The relative scarcity of roads, bridges, airports, power and other infrastructure in the Yukon is critical to the outlook for mining, and in many cases, the presence or lack of these important components can spell the difference between success and failure at a mine project, regardless of its mineral potential.

That's the lesson being learned by many companies that rushed to explore the Yukon for gold and other lucrative metals in recent years, only to discover that finding the minerals might not be the toughest nut to crack in bringing a mining venture to commercial production.

Roads to riches

The Yukon has few government-maintained roads, and most were developed in answer to the call of mining in bygone eras, dating back to the Gold Rush of the 1890s.

"That's how the West was developed, because of mining," Golden Predator Corp. Chairman William Sheriff told a gathering in Dawson City in August. "It's the natural progression of modern society."

Still, the Wellgreen Ni-Cu-PGM Project being developed by Prophecy Platinum Corp. in southwestern Yukon is located just 14 kilometers (9 miles) from the Alaska-Canada Highway but only recently has come into its own as a promising mining operation.

"If this was northern Ontario, we wouldn't be here. This project would have been mined out 50 years ago," Wellgreen's mine manager Rory Calhoun, P.Geo, told Mining News in August. "We haven't had the infrastructure in Yukon until recently. We have a road because the Al-Can highway was put in during World War II, but until recently, it was just barely drivable. 1985 was the first year they chip-sealed it."

Yukon currently has about 4,700 kilometers (2,914 miles) of all-weather roads in a year-round highway system that includes 129 bridges able to accommodate loads of up to 77,000 kilograms (169,756 pounds). Within this road system, only 250 kilometers (155 miles) are paved and another 1,900 kilometers (1,181 miles) are surfaced with bituminous surface treatment, a thin asphalt membrane. The remainder is gravel.

Every Yukon community, however, is connected to the highway system, except for Old Crow which is accessible only by air. This has created significant advantages for many mine projects, especially the three that have succeeded in achieving commercial production in recent years.

Alexco Resource Corp.'s Bellekeno Mine, for example, is located on the road system about 50 kilometers north of Mayo.

The Minto Mine, located 240 kilometers (149 miles) northwest of Whitehorse, is serviced via the Klondike Highway to Minto landing and a 29-kilometer (19 miles) all-weather gravel road to the mine. The Yukon River must be crossed at Minto Landing and in the summer months, a barge is used to ferry men and materials across the river. In winter, an ice bridge is built and maintained. Road access to the mine is interrupted each spring and fall for up to 8 weeks during break-up and freeze-up of the river.

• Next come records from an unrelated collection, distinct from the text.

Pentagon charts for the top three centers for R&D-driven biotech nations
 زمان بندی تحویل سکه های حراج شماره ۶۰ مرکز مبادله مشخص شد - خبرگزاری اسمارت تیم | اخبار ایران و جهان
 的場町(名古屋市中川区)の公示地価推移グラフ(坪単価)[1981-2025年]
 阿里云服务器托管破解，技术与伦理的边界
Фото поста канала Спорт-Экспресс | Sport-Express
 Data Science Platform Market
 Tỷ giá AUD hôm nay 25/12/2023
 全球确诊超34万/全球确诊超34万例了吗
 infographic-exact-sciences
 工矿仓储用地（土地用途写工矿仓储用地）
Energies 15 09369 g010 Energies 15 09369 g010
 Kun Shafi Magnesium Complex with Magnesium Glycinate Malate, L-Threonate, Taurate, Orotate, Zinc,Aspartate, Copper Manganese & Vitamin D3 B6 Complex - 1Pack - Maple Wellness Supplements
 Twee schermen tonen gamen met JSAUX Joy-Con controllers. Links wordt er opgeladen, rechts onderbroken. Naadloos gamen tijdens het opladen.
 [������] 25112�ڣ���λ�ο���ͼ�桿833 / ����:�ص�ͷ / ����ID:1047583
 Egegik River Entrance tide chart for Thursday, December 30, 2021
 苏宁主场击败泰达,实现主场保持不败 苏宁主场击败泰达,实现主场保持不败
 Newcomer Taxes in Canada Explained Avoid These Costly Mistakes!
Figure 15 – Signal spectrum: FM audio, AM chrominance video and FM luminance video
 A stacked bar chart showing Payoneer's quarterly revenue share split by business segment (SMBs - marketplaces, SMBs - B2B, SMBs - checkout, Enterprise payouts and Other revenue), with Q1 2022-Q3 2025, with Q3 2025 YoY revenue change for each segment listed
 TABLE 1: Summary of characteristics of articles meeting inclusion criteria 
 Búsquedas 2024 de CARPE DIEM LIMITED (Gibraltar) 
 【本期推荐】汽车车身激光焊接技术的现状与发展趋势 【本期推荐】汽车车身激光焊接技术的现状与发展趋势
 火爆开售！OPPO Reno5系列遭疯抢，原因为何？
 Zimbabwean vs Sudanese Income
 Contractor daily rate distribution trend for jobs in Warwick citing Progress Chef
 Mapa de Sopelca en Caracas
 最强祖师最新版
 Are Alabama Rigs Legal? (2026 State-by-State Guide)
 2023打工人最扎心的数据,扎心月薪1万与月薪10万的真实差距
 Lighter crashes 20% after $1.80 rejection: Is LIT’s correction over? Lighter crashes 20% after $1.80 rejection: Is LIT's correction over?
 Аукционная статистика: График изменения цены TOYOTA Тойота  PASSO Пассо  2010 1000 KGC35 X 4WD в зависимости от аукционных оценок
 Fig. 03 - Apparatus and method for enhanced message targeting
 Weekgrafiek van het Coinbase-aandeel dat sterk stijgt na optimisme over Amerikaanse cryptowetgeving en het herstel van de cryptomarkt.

The Wolverine Mine is located in southeast Yukon 190 kilometers (118 miles) by road north of Watson Lake via a 26-kilometer (16 miles) access road that connects to the Robert Campbell Highway.

Access to Yukon's road system greatly increases the likelihood of a mine project being developed and the chances of it happening sooner rather than later.

"Projects with NI 43-101 resources and are road-accessible are going to come to fruition a lot sooner than new discoveries," Sheriff said. "You see it in the markets. Stocks react to a handful of rock chip samples, but in reality, that (discovery) is years away from production. If people start looking at (mine) projects with a longer-term perspective, they start making the realization that if a project has a road, it's probably going to get into production, and if you don't have a road, that's an extra 'x' number of years before you can get into production.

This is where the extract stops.